By CHRIS DANIELS
Trustpower, the Tauranga-based power company, has got planning permission to build a new windfarm near Adelaide, South Australia.
The windfarm will have an output of 32 megawatts, generated from 20 turbines. Trustpower says this will generate power for up to 17,000 average homes and displace up to 112,000 tonnes of greenhouse gas emissions a year, which would otherwise be produced by fossil fuel generation.
Trustpower owns and operates the biggest windfarm in Australia and New Zealand, the Tararua windfarm near Palmerston North.
It is currently doubling the size of its Tararua farm, taking it from a 32 megawatt generator to 68MW.
The first of its new turbines is due to start delivering power next month, with the last due to be installed in May next year, taking the farm from 48 turbines to 103.

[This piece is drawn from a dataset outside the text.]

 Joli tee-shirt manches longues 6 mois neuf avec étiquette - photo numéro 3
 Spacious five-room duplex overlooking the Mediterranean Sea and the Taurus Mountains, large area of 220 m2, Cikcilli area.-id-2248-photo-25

Company chief executive Keith Tempest said the next step in the process of setting up the South Australia windfarm would come early next year, when the Trustpower board would further consider the project.
It had already been under development for more than two years, with the planning application being "called in" and formally declared a "major project" by the South Australian Government.
Trustpower is the latest of several New Zealand power companies slowly expanding into Australian electricity generation.
State owned enterprise Meridian Energy is at the forefront of New Zealand investment across the Tasman. Its chief executive, Keith Turner, said in June that the company was planning to invest up to A$600 million ($676 million) in Australian wind projects over five years.
This investment was dependent on an Australian Government scheme designed to encourage new renewable energy.
In March, Meridian spent $640 million buying 10 hydro stations in Victoria. In 2001 it bought five smaller hydro stations in New South Wales and Victoria for about $100 million.
Meridian chief executive Turner told an Australian newspaper earlier this year that the company was "not here [in Australia] to dabble, we're a serious player".
Contact Energy, the largest private sector power company in New Zealand and the largest retailer, owns 25 per cent of the Oakey power station, a 342MW coal-fired station near Brisbane.
It also owns 40 per cent of the 300MW Valley Power station near Melbourne.